Avalanche lose final preseason game 2–1 to Utah HC

  

It’s almost that most glorious time of year: hockey season. The final pre-season game still saw several big roster spots up for grabs. A slow-paced, feisty game in Utah at Maverick Arena (home of Colorado’s ECHL affiliate Utah Grizzlies) ultimately ended 2–1 in favor of the unnamed hockey club of Utah. The Colorado Avalanche ended the preseason with just one win to five losses.

We all know pre-season results aren’t important. What matters is which players made a case for cracking the lineup on October ninth in Vegas for the season opener. We are going to look at the biggest risers and fallers with the preseason finally behind us and speculate on the last few tough choices the Avalanche need to make.

Risers

Ivan Ivan

Calum Ritchie and Nikolai Kovalenko will grab the lion’s share of attention as Avalanche rookie phenoms, but Ivan Ivan has been the most consistent NHL caliber rookie this preseason. Ivan’s forecheck causes turnovers, crashes, grabs rebounds, and produces in a very Logan O’Connor kind of way. I think Ivan is an obvious choice for fourth-line center starting the year, if coach Jared Bednar will trust a rookie in that spot.

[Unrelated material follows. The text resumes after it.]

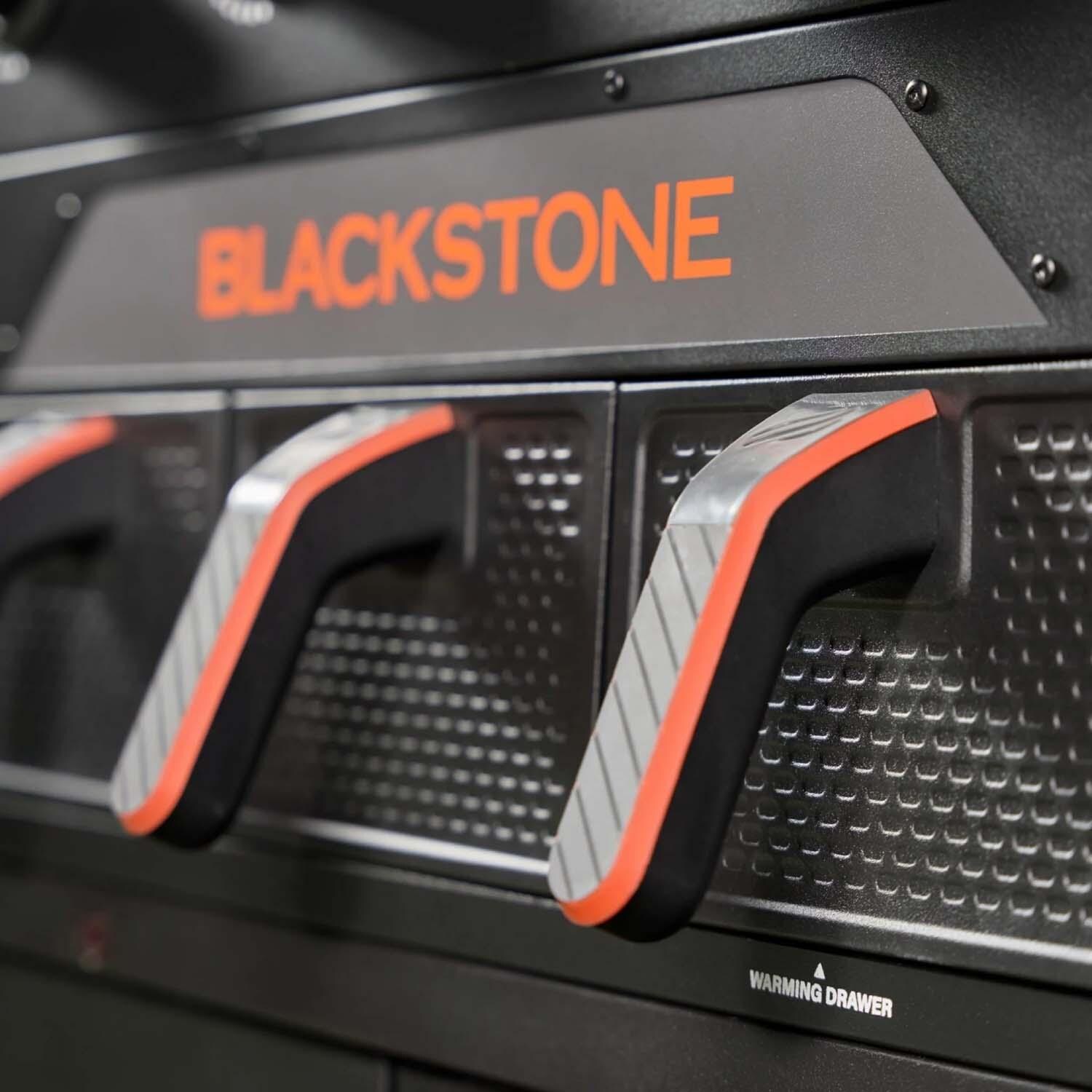 Blackstone 2439 Original 36-in Griddle w/ Airfryer - Airfryer Handle - Detail thumbnail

Ivan scored from Joel Kiviranta’s rebound in the first period for the lone tally of the night. There were four other solid goal scoring chances for Ivan by my count. He was very noticeable all over the ice. The young forward did everything you could ask to prove he belongs in the bottom-six for this team.

Sam Malinski

Being penciled in alongside Calvin de Haan as the third pairing defender is exactly where Sam Malinski has earned. Malinski’s stellar preseason finished in a solid, if less flashy, effort that showed why the pairing from tonight will probably draw in for opening night.

Fallers

Alexandar Georgiev

Alexandar Georgiev found his stride for stretches of the second period, but that first period goal is the stuff of nightmares. Rust is definitely still the reason as it is Georgiev’s second start of preseason, but letting in very soft early goals was a trend all last season and in the playoffs. This goal:

Is about as soft of a five-hole as you will see from an NHL starter. With Justus Annunen showing out in his last pre-season game the questions about whose net this should be will start early for the Avalanche.

Chris Wagner

It feels a bit like salting an open wound, but Chris Wagner was struggling in this game. Already waived with reassignment orders to the Colorado Eagles, Wagner drew into the lineup, seemingly to give  Nathan MacKinnon a night off. Seeing Wagner playing with Kelly and Ivan solidified his position in the organization. Wagner isn’t ready for this NHL roster, but should injury strike, he is a less desirable version of some other bottom-six players they kept instead of him. Wagner has a dominant presence and will be valuable to the Eagles this year.

The top-six bubble: Nikolai Kovalenko vs. Calum Ritchie

The toughest decision to make when assessing the young talents on display for Colorado is which talented rookie will chase Calder glory in the Avalanche top-six.

Neither really pulled away in what was a very slow and physical game against Utah. That leaves the comparison the same as it has been. The more physical Kovalenko to replace Valeri Nichuskin’s forechecking? Or the electric puck movement of Ritchie to replace Gabriel Landeskog’s power play and offensive production? The answer likely will be a mix of both. Don’t expect to see a winner before the season. The Avalanche will have a nine-game trial period with Ritchie’s entry-level contract before they have to decide whether to keep him in the NHL or send him to juniors in Oshawa. Based on what we have seen from Ritchie so far, I expect he will get that nine game sample to show he belongs before they make that choice.

The time for preseason is now, finally, over. On Wednesday, October 9, at 8:00pm MT. The Avalanche open the season in Vegas to face the Vegas Golden Knights, nationally broadcast on TNT with streaming on MAX.